A term female with birth weight of 2.9 kg was born to a primi mother through normal vaginal delivery. The infant had apgar scores of 8/9/9. At birth the infant was diagnosed with two masses originating from the left maxilla and mandible. The upper maxillary mass was pedunculated and 2×2×1.5 cm in size and the mandibular mass was 1.5×1.5×1 cm in size (figures 13). The infant was evaluated with head ultrasound, whole body X-ray and echocardiography for other malformations; all reports were normal. The infant was diagnosed as a case of congenital epulis and was operated on. Both the masses were removed and the postoperative course was uneventful; the infant was discharged. The histopathology report confirmed the diagnosis of epulis.

Figure 1.

Figure 1

Two large pedunculated masses on the maxillary and mandibular alveolar ridges in a neonate female. Maxillary mass 2×2×1.5 cm in size and mandibular mass 1.5×1.5×1 cm in size.

Figure 2.

Figure 2

Two large pedunculated masses on the maxillary and mandibular alveolar ridges in a neonate female. Maxillary mass 2×2×1.5 cm in size and mandibular mass 1.5×1.5×1 cm in size.

Figure 3.

Figure 3

Two large pedunculated masses on the maxillary and mandibular alveolar ridges in a neonate female. Maxillary mass 2×2×1.5 cm in size and mandibular mass 1.5×1.5×1 cm in size.

Discussion

Congenital epulis is also known as Neumann’s tumour, granular cell tumour or congenital gingival granular cell tumour.1 The incidence of congenital epulis has been reported to be about 0.0006%. The size of the lesion can vary from a few mm to 8 cm.2 This tumour is more common in women, with female-to-male ratio being 8:1.3 This tumour arises from the mucosa of the gingiva, usually from the anterior part of the maxillary alveolar ridge. On examination, infants with congenital epulis clinically present with a mass protruding from the mouth, which may produce difficulty in feeding or breathing if it is large.4 These tumours are uniformly benign in nature.
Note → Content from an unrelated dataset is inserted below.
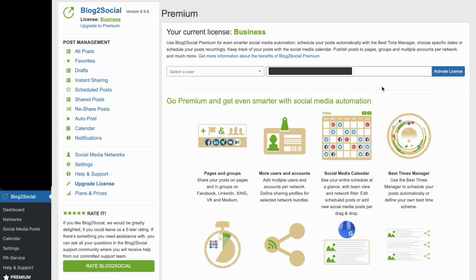With a Blog2Social business license, you can use the user management option in the Blog2Social settings.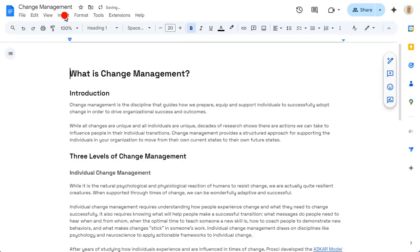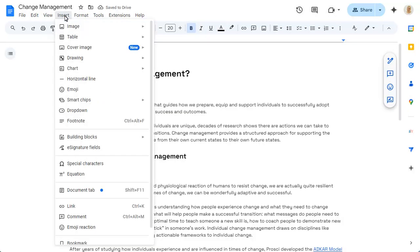Click on the Insert menu, choose Cover Image and choose from Stock Images.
Differential diagnosis includes5

  • Hemangioma

  • Lymphangioma

  • Fibroma

  • Granuloma

  • Rhabdomyosarcoma

  • Osteogenic sarcoma

  • Chondrogenic sarcoma

  • Schwannoma

  • Heterotopic gastrointestinal cyst

Histology shows polygonal cells with pink, PAS-positive granular cytoplasm and regular, round, dark basophilic-staining nuclei.6 The recommended treatment is prompt surgical resection. These tumours have very good prognosis.7

Key messages.

  • Twin congenital epulis are very rare tumours seen at birth.

  • Prompt surgical excisison is the treatment of choice.

  • These tumours should be confirmed with histopathology as other conditions can also present in similar fashion.

Footnotes

Competing interests: None.

Patient consent: Obtained.

Provenance and peer review: Not commissioned; externally peer reviewed.